All lines after the one containing "How to make" are needed, along with that line itself. Please repeat them exactly through the end of the entries.
%%
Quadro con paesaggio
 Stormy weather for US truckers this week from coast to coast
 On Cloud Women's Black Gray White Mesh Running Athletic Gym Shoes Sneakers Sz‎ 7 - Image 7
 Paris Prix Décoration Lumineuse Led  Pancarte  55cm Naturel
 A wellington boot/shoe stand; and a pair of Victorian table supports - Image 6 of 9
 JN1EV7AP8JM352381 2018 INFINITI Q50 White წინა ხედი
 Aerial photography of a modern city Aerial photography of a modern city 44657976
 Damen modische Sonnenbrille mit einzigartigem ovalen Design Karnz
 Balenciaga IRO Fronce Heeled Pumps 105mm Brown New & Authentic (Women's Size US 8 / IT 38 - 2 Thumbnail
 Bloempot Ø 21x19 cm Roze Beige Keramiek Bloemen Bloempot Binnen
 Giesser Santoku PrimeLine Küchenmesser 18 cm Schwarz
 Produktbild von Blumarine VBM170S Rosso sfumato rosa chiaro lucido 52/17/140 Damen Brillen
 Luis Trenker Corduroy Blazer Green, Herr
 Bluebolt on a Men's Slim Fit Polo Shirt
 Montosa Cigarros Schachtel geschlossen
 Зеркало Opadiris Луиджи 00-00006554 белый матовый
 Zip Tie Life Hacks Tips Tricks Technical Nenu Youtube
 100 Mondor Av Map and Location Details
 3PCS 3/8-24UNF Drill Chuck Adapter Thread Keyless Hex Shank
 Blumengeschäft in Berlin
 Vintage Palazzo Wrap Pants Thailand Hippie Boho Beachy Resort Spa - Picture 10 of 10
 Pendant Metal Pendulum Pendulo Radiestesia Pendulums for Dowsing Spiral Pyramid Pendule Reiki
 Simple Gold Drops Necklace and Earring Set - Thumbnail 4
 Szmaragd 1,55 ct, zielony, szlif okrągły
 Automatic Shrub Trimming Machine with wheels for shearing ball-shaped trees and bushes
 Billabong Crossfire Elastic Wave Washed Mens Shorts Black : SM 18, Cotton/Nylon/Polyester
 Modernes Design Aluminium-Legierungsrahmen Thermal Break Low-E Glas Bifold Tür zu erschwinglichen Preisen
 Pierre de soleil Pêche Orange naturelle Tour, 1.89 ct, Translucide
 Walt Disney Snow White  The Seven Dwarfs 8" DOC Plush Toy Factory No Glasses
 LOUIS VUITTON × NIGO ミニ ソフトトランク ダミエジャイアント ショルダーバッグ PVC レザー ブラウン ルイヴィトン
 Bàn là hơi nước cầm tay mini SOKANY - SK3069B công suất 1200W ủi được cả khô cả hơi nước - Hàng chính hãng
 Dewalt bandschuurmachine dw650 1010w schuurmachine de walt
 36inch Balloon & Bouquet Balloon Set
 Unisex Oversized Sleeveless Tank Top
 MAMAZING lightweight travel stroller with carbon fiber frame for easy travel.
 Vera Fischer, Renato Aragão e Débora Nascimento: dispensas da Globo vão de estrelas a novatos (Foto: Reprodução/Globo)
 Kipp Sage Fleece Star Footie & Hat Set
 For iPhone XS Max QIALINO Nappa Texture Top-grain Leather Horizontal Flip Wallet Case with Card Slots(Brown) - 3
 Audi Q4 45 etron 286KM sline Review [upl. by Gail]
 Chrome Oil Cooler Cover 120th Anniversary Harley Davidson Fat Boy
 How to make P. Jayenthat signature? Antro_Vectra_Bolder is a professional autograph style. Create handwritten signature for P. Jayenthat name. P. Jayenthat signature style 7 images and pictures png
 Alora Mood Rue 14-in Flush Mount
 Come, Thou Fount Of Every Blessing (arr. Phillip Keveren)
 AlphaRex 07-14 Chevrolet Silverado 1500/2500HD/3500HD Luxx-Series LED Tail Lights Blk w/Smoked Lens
%%
# ANSWER SECTION
 How to make P. Jayenthat signature? Antro_Vectra_Bolder is a professional autograph style. Create handwritten signature for P. Jayenthat name. P. Jayenthat signature style 7 images and pictures png
 Alora Mood Rue 14-in Flush Mount
 Come, Thou Fount Of Every Blessing (arr. Phillip Keveren)
 AlphaRex 07-14 Chevrolet Silverado 1500/2500HD/3500HD Luxx-Series LED Tail Lights Blk w/Smoked Lens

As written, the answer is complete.